Landwirtschaftsministerin Tina Joemat-Pettersson lieferte eine katastrophale Vorstellung. In einer Rede vor einer großen Gruppe Streikender in De Doorns gratulierte sie ihnen zu ihrem „Sieg“; keiner von ihnen, so sagte sie, werde disziplinär belangt oder angeklagt werden. Schwierig zu sagen, welche dieser beiden Statements bizarrer ist: eine Landwirtschaftsministerin, die Farmarbeitern zu einem illegalen Streik beglückwünscht, bei dem Weinberge niedergebrannt wurden, oder eine Ministerin ohne juristische Zuständigkeit, die Leuten Immunität vor gerichtlicher Verfolgung verspricht, die an einer Orgie von kriminellen Handlungen teilgenommen haben, inklusive der Verbarrikadierung einer Nationalstraße und dem Steinewerfen auf vorbeifahrende Fahrzeuge. Als Sahnehäubchen ihrer Vorstellung kündigte die Ministerin an, dass die Mindestlöhne in der Landwirtschaft binnen zweier Wochen überprüft würden – was schon von der Verfassung her unmöglich ist. (…)
Aber vielleicht bin ich zu hart gegenüber Joemat-Pettersson. Sie ist so ineffizient und wankelmütig, dass es schwierig ist, ihr Vorwürfe zu machen. So etwas von bösartigem Handeln überfordert möglicherweise schon ihre intellektuellen Fähigkeiten. Der Schurke in dem Stück dagegen ist die Verkörperung böswilliger Absicht: Tony Ehrenreich, Cosatus rasiermesser-scharfer Provinzsekretär.
Aber bevor wir Ehrenreichs Rolle beleuchten, muss ich noch einiges zu den Ursachen des Streiks sagen. Viele Aspekte des Streiks sind komplexer, als sie auf den ersten Blick erscheinen, und sie sind von Region zu Region verschieden. Selbst zum Beispiel ein so einfaches Wort wie „Streikende“ beschreibt nicht immer dasselbe. „Farmarbeiter“ und „Streikende“ und „Demonstranten“ sind genau umschriebene Gruppen von Menschen. In De Doorns überlappen sie sich, nicht so stark aber in Ceres.
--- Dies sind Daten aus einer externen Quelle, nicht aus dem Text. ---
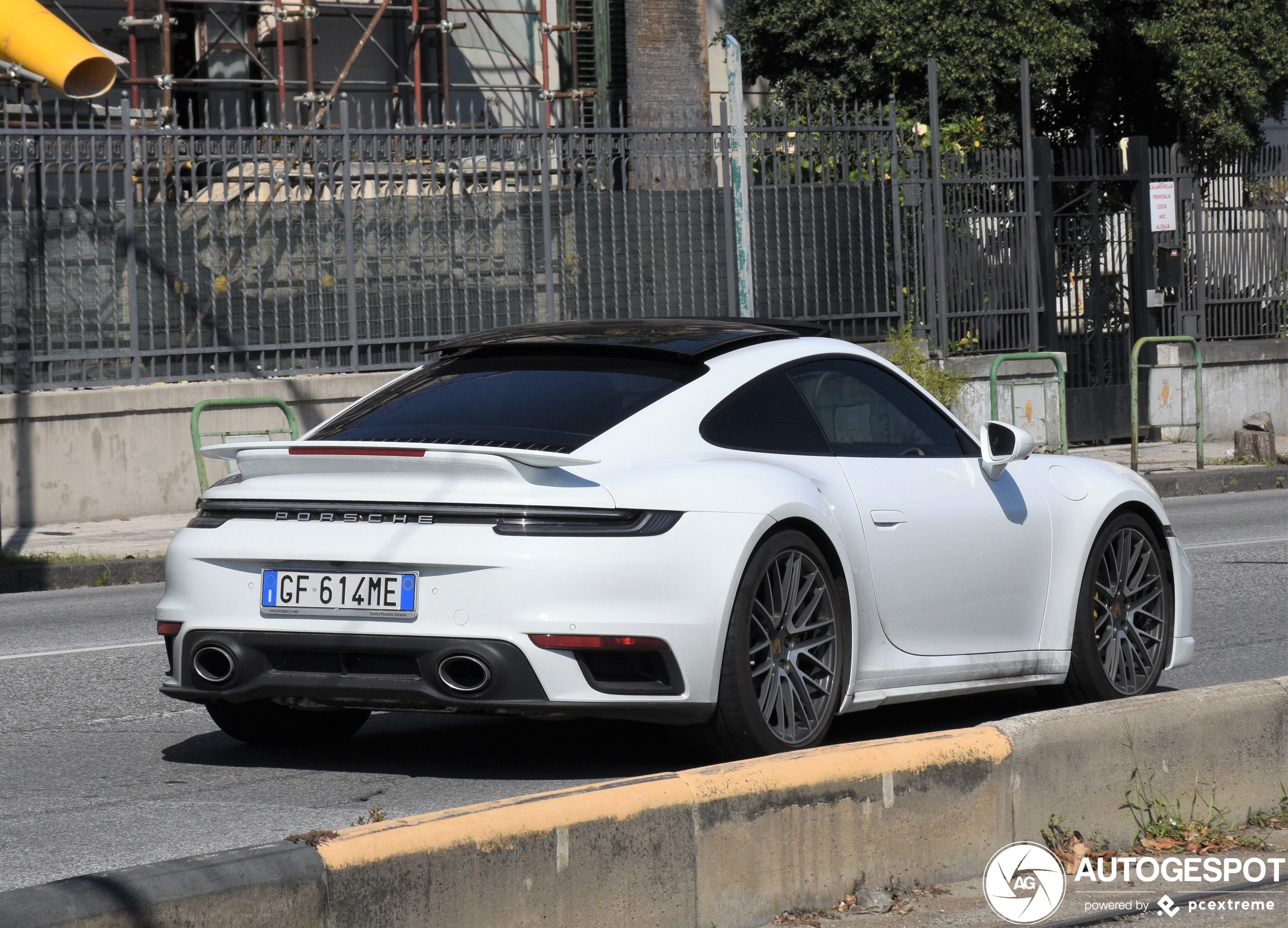 Porsche 992 Turbo S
Als der Streik Anfang November in De Doorns begann, waren die Demonstranten – das sind die Leute, die Autoreifen verbrannten und Fahrzeuge mit Steinen bewarfen – Farmarbeiter. Es gibt unterschiedliche Angaben darüber, ob diese Demonstranten Saisonarbeiter aus Lesotho waren, deren Arbeitserlaubnis nicht erneuert worden war, oder ob da mehrere Gruppen zusammenkamen. Wie auch immer, es waren verärgerte Saisonarbeiter, die die fest angestellten Farmarbeiter im Tal einschüchterten und zum Mitmachen aufforderten. Ein Freund von mir betreibt eine Farm in De Doorns. Die Arbeiter auf seiner Farm erhielten drohende SMS: „Wir werden Dich holen“, hieß es da in Afrikaans, „wir wissen, auf welcher Weinfarm Du bist“. Mein Freund hat den ganzen Tag eingeschüchterte Arbeiter von einer Ecke seiner Farm in die andere gefahren. Dann hat er ihnen gesagt, sie sollten zu Hause bleiben.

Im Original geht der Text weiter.